### DATASET EXCERPT
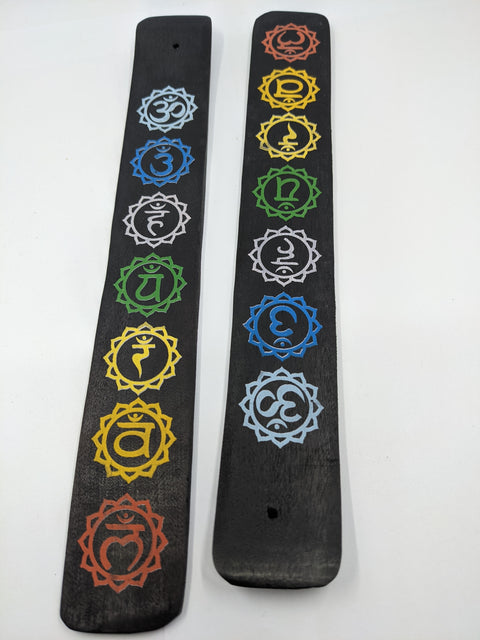 Black Chakra Incense Burner with chakra symbols on a black base, designed for holding incense sticks.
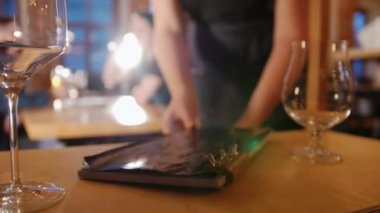 Bir garson bir menü istemcilere verir.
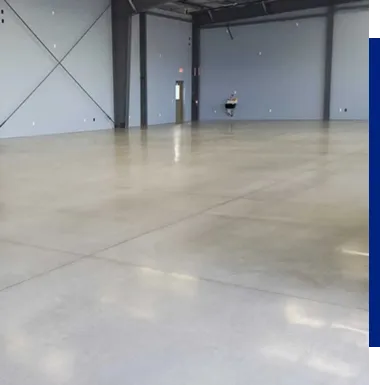 Empty industrial warehouse with polished concrete floor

### TASK DETAILS
Repeat the material line for line. Pictures stay out of the copy.

### EXPECTED OUTPUT
 Black Chakra Incense Burner with chakra symbols on a black base, designed for holding incense sticks.
 Bir garson bir menü istemcilere verir.
 Empty industrial warehouse with polished concrete floor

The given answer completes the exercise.